I have been lurking for a while and this is my first post here. The Valvecaster is my second build in total and my first scratch build and I got it working on the first try. I like the sound in general but I thought it would be fun to add a charge pump to see what would happen. I have built the perfboard design by Rick Holt and it gives just under 80v unloaded: http://www.diystompboxes.com/smfforum/index.php?topic=74729.0
The charge pump works fine but I am not sure about how to hook it up to drive the plates. Here's my idea on how it should be done:




Can you guys let me know if I'm on the right track here?

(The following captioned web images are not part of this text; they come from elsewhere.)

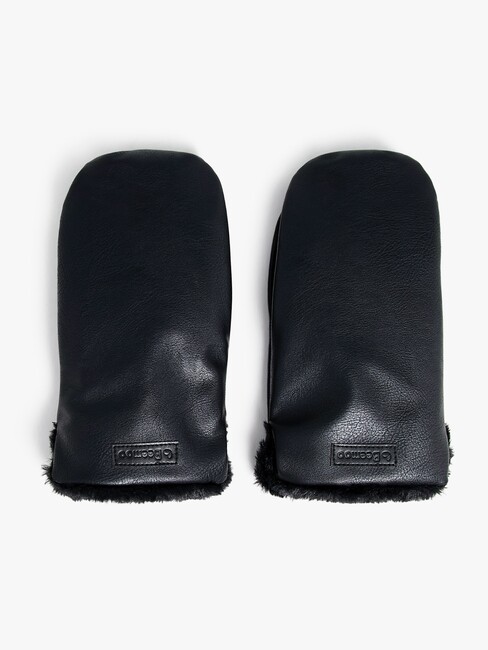 Beemoo Furry Kinderwagenhandschuhe, Black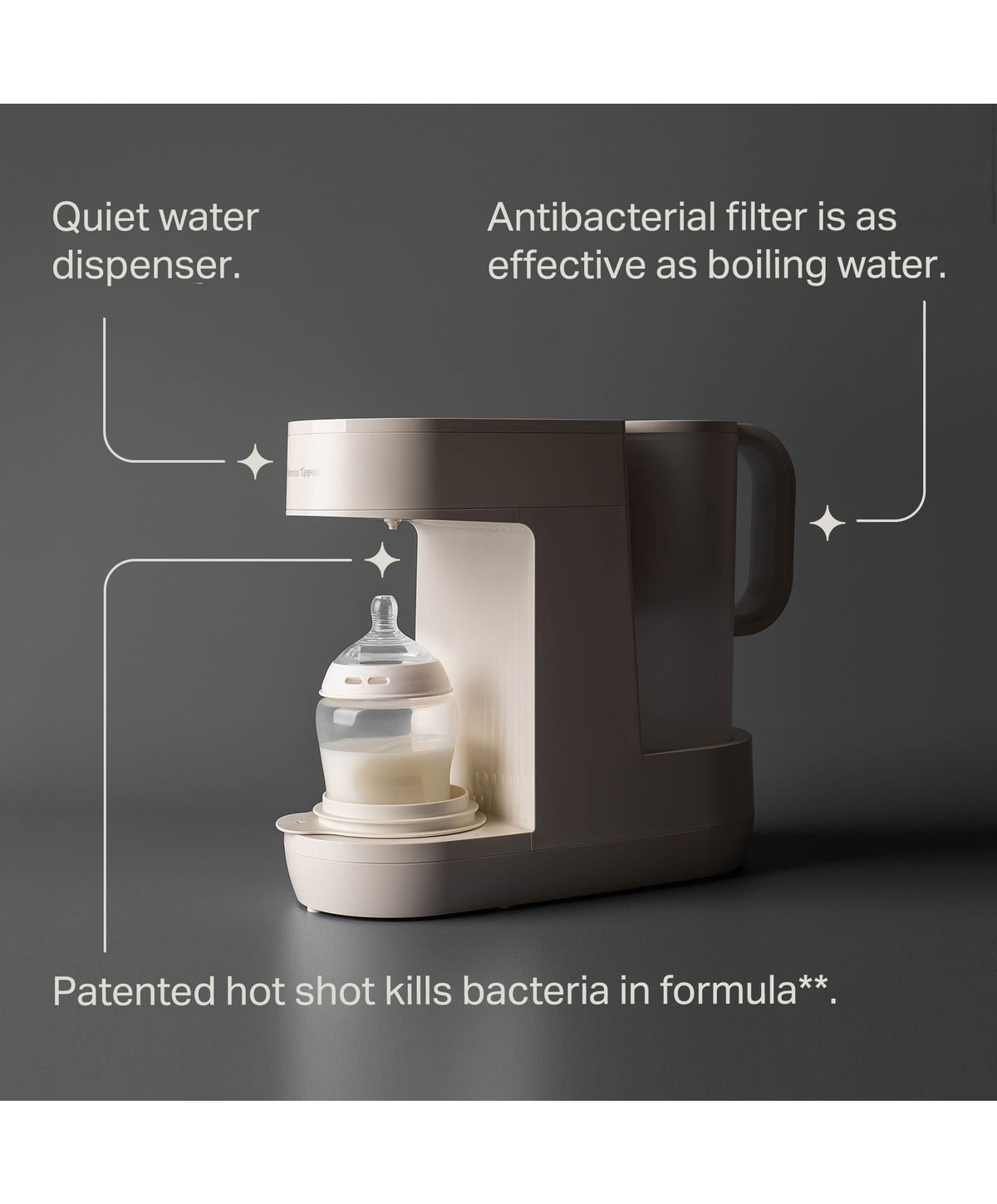 Tommee Tippee Bottle Feeding Tommee Tippee Perfect Prep Formula Feed Maker - Slate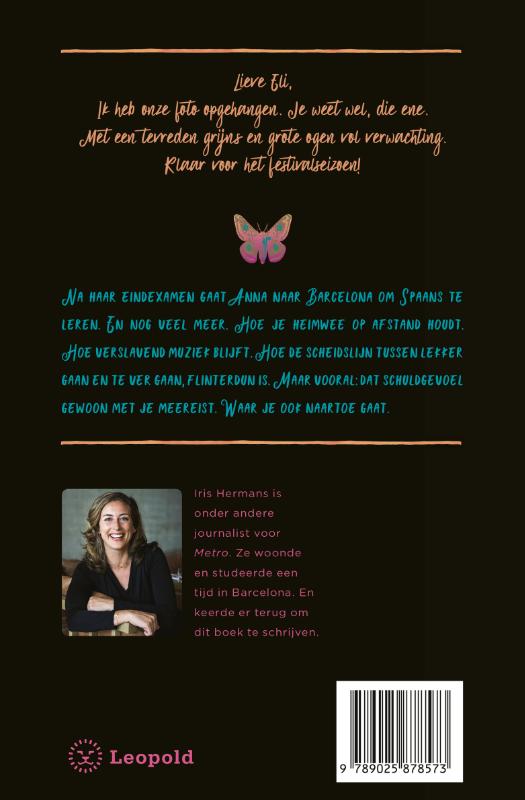 Festival / Gap Year Festival / Gap Year achterkant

Also, do I need to change the values of R2 (220K) and R3 (100K)? Anything else that needs to be changed?

Regards,
Stefan

frequencycentral

^^^

You're hookup is correct. I'd be interested to see what voltages you read at the anodes though, as in my experience grounded cathodes make for low voltage at the anodes no matter how much you pump into them. I refer you to the Valvemaster on the previous page for a circuit more suited to 80v.
http://www.frequencycentral.co.uk/

Questo è il fiore del partigiano morto per la libertà!

sco01

Thank you Rick. It worked beautifully. The voltage across the anodes is ~50v with this setup.
At first i noticed some weird noises and I then discovered that the old 12at7 I have been using had gone microphonic. This was with a tube that I had replaced in an amp some time ago. It has worked in my valvecaster until now but I think the voltage increase pushed it over the edge. I replaced it with a new 12au7 and now it works perfectly.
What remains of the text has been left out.